Mining - Chilean Drag-Mill and Rockers
The machinery used for separating gold consisted of the Chilean mill for crushing and grinding after having been broken by hammers, the Tyrolese bowls, the drag-mill, and the Burke rockers.
The Chilean mill was used from ancient times and when it worked it worked, put it relied on precision, which was not always provided. It needed a consistent source of power and adequate water. The millstones could only be cut and shaped by an experienced mason. The mill consisted of two vertical millstones in a watertight base of bed stone. They were attached by a shaft in such a way that they had two motions. They rolled on their edges while rotating clockwise on the shaft. As the mill crushed the rock, water was introduced that would wash away the ore and allow the heavier gold to sink to the bottom. At that point the amalgamation process was begun. Quicksilver lined the base of the mill and the gold amalgamated with the quicksilver, which was then baked in a retort and the quicksilver separated out again. After that the gold was formed into bars and taken to the mint. The work for a Chilean mill was 70 bushels of ore a day and the mills ran for 24 hours.

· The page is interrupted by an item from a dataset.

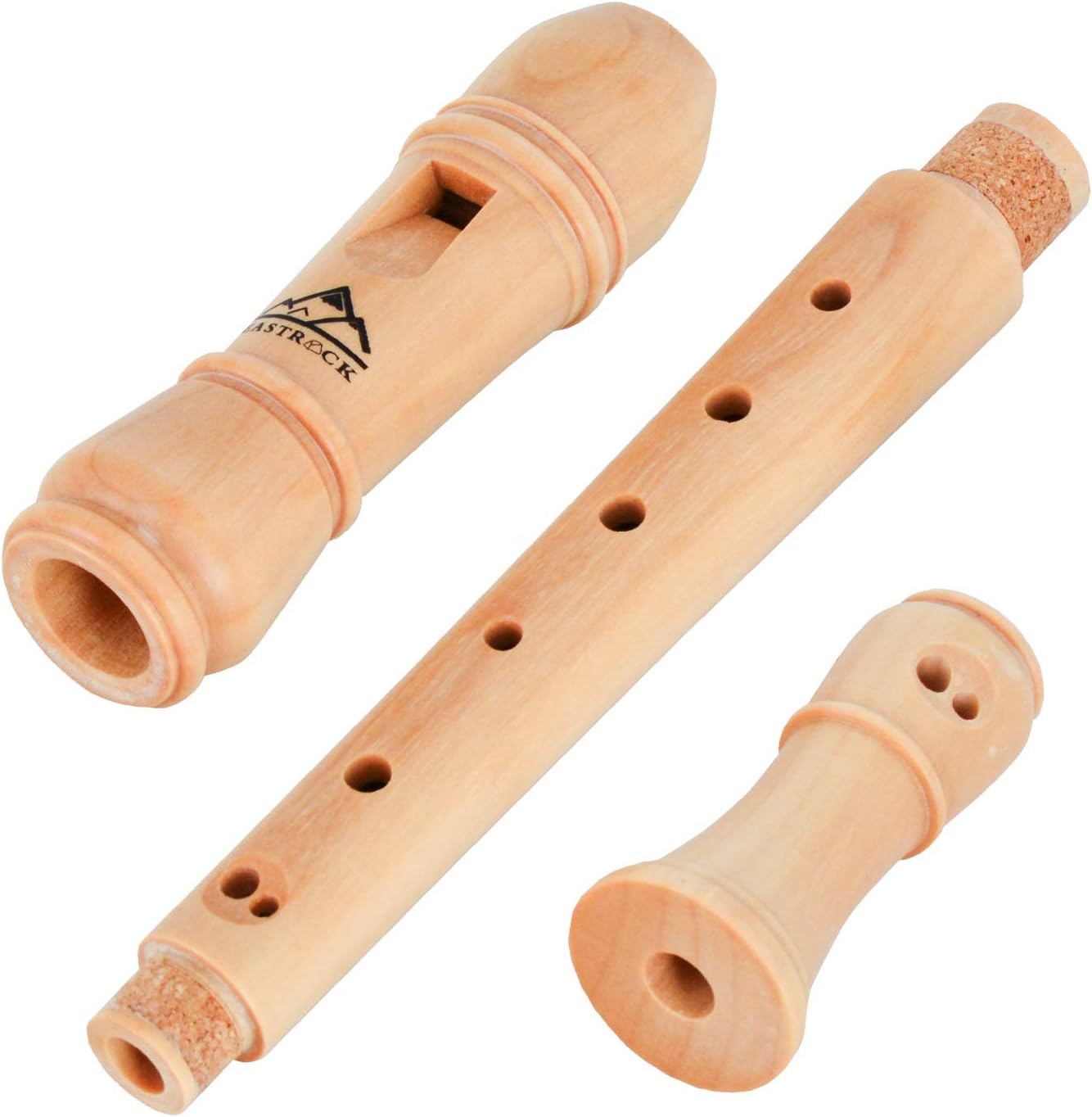 Eastrock Soprano Recorder Baroque fingering C Key Beginners Recorder Instrument for Kids Adults 3 Piece Recorder With Hard Case（Maple Wood）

The drag mill was an inexpensive mill, but more efficient at removing gold from ore. The main drawback of the drag mill was the time it took to grind the ore to powder. The ore was crushed, decomposed in “stirrers,” passed into the Tyrolese bowls, which after a sudden half revolution allowed the sand to run off with the water and leave the gold in the bottom. The resultant mud then went on to the rocker cradles for the amalgamation process.
No. 2102 – published by Theodore Buerbaum, Salisbury, N.C. – Germany.
Nitze, Henry B. C. and H.A.J. Wilkens Gold Mining in North Carolina: and Adjacent South Appalachian Regions Raleigh, N.C.: Guy V. Barnes, Public Printer, 1897 (North Carolina Geological Survey Bulletin #10)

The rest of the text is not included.